Released to theaters as part of After Dark Films 8 Films to Die For horror fest, this movie probably wouldn't have been so widely seen aside from its eventual DVD release in '07. I've been following director Mike Mendez since viewing his first film Real Killers and The Convent back in 2000. Both films proved that a relatively unknown director could accomplish a lot with very little. The man knew how to successfully combine horror and action into one project and even though they may not be the best films, they sure were fun to watch.

After working on the Boogeyman II horror-docu compilation, he returns with The Gravedancers. Using a bigger budget than he's used to, Mike Mendez once again uses the same formula of action and horror to bring forth another entertaining movie-going experience. The film isn't the smartest in terms of scripts, but it does offer some slight originality by the way they depict their ghosts and how they decide to use three instead of just one spirit. Of course using more than one spirit has been done in the past, it's just refreshing to see it resurface among this recent wave of Asian-remake horror that generally revolves around the same kind of scares and ghosts.

The story follows three friends as they visit a friend's grave one night and in order to cope with the sudden death, they drink their sorrows away. After reciting some lines from a mysterious piece of paper that was left on one of the graves (which turned out to be some sort of scripture that unleashes the spirits) each of the drunkards ends up dancing on specific graves in what's secretly known as the "psycho section" due to the fact that the bodies buried there were of sadists and murders.

What might have seemed like a good idea at the time turns out to be the demise for each of our characters, as the spirit on the grave that each person danced on comes after them and attempts to kill them in the same fashion as they did to their victims when they were still living. From the sadistic court judge, the jealous cold-hearted axe-wielding wife, and the young pyromaniac child, our leads are in over their heads. The friends recruit the aid of a couple parapsychologists in hopes of somehow finding a way to stop these evil spirits before it's too late.

Being a fan of Fox's Prison Break, it was nice to see actor Dominic Purcell as the lead and following another horror role after his appearance as the villain in Blade: Trinity. I personally didn't find any scenes of the movie scary, but a couple scenes were somewhat creepy due to how these spirits looked. I always thought the over-sized smiling mouth and wide-eyes was always a scary feature to be on anyone, and I always questioned why it was never used in horror films.

The pacing for the film is perfect -- never going too fast or too slow, and the story unfolds as it should. The movie really only begins to fall apart when it came down to the over-the-top climax.
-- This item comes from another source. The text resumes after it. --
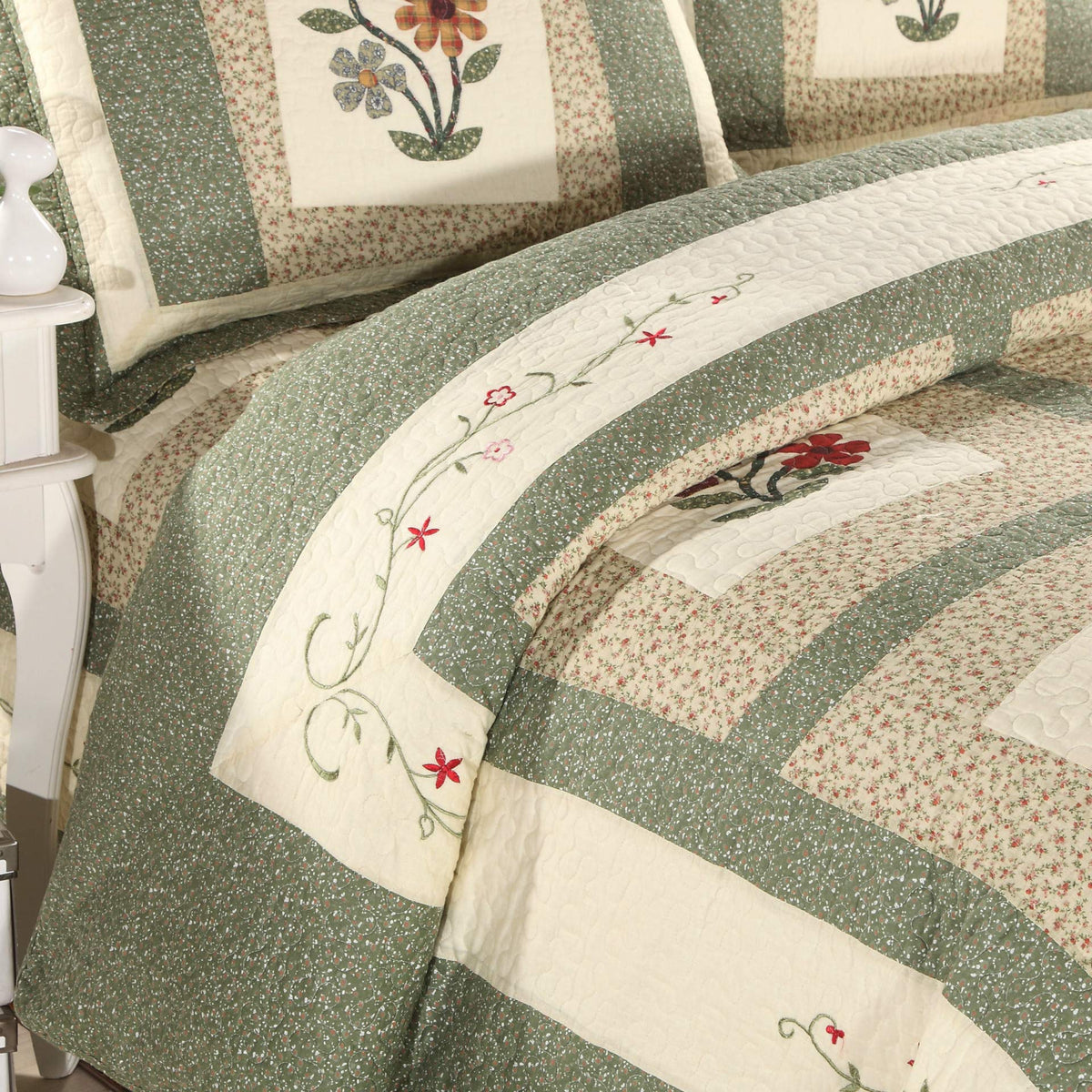 vctops Queen Size Quilt 91x98 offers ample coverage without heaviness.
Why they chose to end it with a huge computer-generated extravaganza is beyond me, but it just ruined the tone of the film and just seemed to be an attempt to wrap things up. Regardless, the rest of the movie was a enjoyable experience for me, and I plan to add it to my DVD collection when it's released next year.

If you see this with an open mind and don't take it seriously then you'll probably end up enjoying it as much as I did. With creepy and original-looking ghosts, the movie stands above some of the recent crap we've seen delivered in mainstream horror. Check this out when you can, and after you do, try to forget its ridiculous and over-the-top climax.